= Barry Morell =

American opera singer

Barry Morell (March 30, 1927 - December 4, 2003) was an American operatic tenor, particularly associated with the Italian and French repertoire.

He was born in New York City, and studied at The Juilliard School with Giuseppe Danise. He made his debut as Pinkerton in Madama Butterfly at the New York City Opera in 1955, and again as Pinkerton, at the Metropolitan Opera in 1958 (opposite Victoria de los Ángeles, conducted by Erich Leinsdorf), where he was to sing regularly until 1979, mostly in lyric roles such as Edgardo, Macduff, Duke of Mantua, Alfredo, Rodolfo, Faust, Hoffmann, Turiddu, Lensky, and Matteo.

He also sang regularly at the Lyric Opera of Chicago and the San Francisco Opera, and in 1968, began appearing abroad, notably in Rome, Barcelona, London, Berlin, Vienna, Buenos Aires, Santiago, etc.

In the 1970s, as his voice darkened and widened, he successfully moved to heavier roles such as Riccardo, Alvaro, Enzo, and Cavaradossi.

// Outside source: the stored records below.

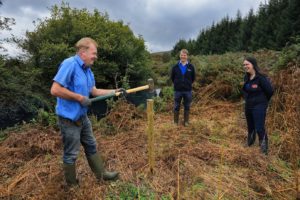 A farmer in the Caha catchment is fencing off his river, with the help of two Teagasc advisors who are looking on.
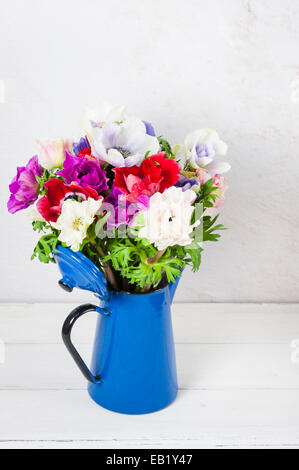 Rosenstrauss bunte Anemonen in einem Vintage blauer Emaille Kaffee-Topf auf dem weißen Putz Wand Hintergrund Stockfoto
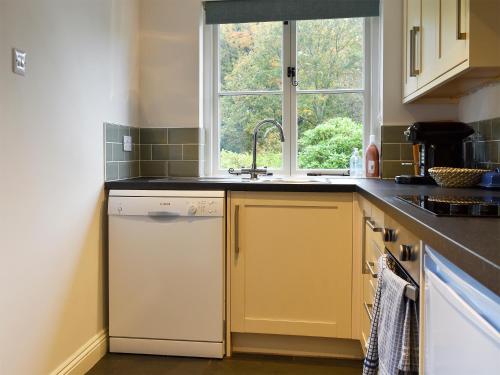 a kitchen with a sink and a dishwasher and a window at The Burrow in Haverthwaite
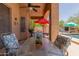 Covered patio with outdoor seating overlooking the pool area at 17201 E Hillcrest Dr, Fountain Hills, AZ 85268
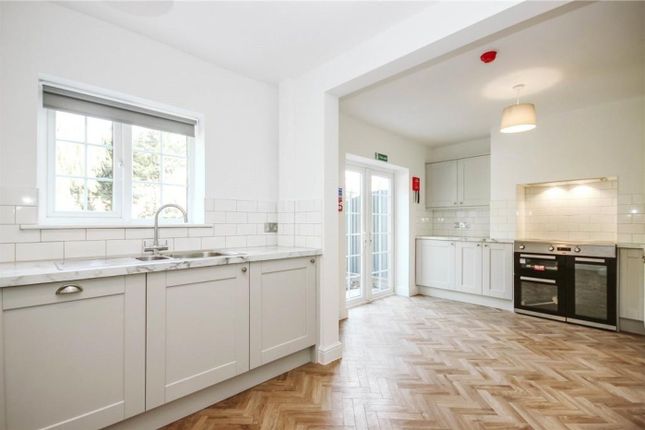A Spacious And Modern Kitchen With Plenty Of Natur...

Morell retired from the stage in the mid 1980s. He died in Sandwich, Massachusetts, at the age of 76.

==Sources==
- Forbes, Elizabeth, "Barry Morell, Operatic tenor", The Independent, 10 December 2003
- Hamilton, David (ed.), "Morell, Barry", The Metropolitan Opera Encyclopedia, Simon and Schuster, 1987, p. 235
- Opera News, Obituaries, February 2004.